The records should be restated exactly from their first line through the line with "A receptionist sits" in it.

• [INFORMATION]:
▼

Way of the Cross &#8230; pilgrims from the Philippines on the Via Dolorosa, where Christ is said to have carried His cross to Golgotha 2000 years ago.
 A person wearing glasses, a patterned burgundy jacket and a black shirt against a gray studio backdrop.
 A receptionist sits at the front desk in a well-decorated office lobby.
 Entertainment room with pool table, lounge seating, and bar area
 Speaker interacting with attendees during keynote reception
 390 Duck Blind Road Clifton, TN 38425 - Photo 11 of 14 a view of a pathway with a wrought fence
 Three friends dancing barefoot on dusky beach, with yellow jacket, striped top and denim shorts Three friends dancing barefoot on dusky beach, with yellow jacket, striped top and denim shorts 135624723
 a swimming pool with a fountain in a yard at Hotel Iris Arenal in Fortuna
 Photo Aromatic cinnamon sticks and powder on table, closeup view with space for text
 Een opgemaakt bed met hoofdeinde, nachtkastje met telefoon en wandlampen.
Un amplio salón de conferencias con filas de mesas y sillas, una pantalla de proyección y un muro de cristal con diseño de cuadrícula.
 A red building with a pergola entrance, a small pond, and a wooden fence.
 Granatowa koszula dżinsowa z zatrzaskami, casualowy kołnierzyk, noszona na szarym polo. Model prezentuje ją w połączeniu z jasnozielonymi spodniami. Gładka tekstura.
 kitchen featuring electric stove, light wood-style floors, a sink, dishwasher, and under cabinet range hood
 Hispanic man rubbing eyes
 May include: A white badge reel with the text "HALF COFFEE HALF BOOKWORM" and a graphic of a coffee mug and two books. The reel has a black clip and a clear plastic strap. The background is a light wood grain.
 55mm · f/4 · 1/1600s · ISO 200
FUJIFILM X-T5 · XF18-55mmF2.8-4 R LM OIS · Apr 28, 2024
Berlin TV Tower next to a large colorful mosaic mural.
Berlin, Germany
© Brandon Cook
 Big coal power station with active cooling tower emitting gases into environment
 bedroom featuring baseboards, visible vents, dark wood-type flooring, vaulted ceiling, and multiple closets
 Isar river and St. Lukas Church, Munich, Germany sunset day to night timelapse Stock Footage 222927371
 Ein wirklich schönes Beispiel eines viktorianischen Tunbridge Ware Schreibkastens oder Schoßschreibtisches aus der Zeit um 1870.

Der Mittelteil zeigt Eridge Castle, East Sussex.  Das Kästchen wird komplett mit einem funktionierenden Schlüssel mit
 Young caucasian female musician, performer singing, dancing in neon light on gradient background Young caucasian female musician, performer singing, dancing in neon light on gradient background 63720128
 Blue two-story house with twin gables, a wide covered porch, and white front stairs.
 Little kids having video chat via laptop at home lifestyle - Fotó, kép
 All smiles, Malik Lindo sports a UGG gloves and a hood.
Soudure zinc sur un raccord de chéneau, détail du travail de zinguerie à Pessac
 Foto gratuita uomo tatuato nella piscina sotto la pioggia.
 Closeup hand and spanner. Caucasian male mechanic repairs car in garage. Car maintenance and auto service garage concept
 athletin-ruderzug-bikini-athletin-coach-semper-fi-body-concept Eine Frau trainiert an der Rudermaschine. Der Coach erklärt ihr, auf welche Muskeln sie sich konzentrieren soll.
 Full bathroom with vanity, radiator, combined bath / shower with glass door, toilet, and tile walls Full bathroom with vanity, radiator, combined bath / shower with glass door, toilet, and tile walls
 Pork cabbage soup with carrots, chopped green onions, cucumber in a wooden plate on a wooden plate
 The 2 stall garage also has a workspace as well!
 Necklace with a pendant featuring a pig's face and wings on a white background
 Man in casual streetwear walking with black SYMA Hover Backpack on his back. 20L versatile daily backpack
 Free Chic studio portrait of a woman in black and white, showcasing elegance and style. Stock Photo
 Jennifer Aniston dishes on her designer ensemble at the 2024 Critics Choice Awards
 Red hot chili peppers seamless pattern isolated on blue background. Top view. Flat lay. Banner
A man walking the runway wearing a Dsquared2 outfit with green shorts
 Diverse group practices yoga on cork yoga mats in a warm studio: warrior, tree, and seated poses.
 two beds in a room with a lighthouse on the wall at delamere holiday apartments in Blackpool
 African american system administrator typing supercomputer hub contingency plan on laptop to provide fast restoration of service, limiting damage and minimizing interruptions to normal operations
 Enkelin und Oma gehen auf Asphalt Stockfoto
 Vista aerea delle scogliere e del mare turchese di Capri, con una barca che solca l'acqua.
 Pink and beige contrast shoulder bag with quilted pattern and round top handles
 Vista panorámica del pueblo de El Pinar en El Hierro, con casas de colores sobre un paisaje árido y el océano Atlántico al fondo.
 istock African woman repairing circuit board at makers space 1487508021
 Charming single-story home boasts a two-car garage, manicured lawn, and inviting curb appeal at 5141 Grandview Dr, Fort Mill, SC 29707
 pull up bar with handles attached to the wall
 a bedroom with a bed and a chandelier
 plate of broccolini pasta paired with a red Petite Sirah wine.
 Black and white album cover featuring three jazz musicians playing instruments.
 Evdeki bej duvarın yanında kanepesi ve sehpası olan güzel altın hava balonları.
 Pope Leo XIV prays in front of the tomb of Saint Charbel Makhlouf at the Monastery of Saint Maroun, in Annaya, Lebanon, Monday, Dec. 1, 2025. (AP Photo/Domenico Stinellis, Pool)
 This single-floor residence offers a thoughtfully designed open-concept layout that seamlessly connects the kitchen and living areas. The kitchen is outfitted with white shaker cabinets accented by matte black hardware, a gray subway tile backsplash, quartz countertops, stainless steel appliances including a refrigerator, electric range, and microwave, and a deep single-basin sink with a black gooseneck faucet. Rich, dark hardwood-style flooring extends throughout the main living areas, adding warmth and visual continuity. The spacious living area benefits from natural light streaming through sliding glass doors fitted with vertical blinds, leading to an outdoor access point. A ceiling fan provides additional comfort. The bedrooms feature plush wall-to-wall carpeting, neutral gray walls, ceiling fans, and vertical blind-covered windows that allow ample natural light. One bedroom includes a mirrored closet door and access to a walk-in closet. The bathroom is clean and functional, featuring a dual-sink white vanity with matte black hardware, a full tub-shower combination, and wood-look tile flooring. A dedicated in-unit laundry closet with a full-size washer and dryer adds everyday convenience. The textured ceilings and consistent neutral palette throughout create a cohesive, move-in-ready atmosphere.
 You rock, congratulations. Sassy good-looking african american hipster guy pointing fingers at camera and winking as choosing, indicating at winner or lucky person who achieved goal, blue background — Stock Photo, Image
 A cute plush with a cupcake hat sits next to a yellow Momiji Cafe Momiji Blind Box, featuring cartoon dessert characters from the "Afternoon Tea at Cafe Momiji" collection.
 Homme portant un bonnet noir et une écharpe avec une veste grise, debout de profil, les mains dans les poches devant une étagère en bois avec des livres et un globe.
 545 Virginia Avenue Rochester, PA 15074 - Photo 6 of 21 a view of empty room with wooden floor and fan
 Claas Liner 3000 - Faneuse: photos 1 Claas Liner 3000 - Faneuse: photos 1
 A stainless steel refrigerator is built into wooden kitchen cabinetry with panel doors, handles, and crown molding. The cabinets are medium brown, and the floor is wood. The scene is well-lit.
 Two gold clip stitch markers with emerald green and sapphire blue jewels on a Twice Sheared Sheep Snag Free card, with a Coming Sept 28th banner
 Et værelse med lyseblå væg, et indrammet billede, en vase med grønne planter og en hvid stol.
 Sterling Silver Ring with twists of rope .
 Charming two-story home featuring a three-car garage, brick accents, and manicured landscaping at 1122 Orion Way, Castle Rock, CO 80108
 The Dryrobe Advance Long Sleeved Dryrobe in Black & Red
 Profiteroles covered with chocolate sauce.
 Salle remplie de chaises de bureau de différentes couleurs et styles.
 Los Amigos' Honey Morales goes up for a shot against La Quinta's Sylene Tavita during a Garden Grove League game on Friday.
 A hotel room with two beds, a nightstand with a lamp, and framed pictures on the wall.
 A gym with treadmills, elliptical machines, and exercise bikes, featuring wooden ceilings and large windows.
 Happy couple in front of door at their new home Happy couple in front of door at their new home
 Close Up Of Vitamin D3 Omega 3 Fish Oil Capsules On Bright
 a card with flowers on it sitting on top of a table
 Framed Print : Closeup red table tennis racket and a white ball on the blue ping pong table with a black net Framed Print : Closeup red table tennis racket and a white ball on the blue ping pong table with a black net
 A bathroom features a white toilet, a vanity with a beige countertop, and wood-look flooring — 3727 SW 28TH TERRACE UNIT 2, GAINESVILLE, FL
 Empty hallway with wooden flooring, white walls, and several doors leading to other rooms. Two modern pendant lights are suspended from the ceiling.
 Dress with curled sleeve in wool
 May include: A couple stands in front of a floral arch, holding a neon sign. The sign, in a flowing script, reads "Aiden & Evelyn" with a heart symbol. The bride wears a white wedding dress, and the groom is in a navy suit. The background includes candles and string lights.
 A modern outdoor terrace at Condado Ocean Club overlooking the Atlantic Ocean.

▲

• [OUTPUT FOR THIS EXERCISE]:
Way of the Cross &#8230; pilgrims from the Philippines on the Via Dolorosa, where Christ is said to have carried His cross to Golgotha 2000 years ago.
 A person wearing glasses, a patterned burgundy jacket and a black shirt against a gray studio backdrop.
 A receptionist sits at the front desk in a well-decorated office lobby.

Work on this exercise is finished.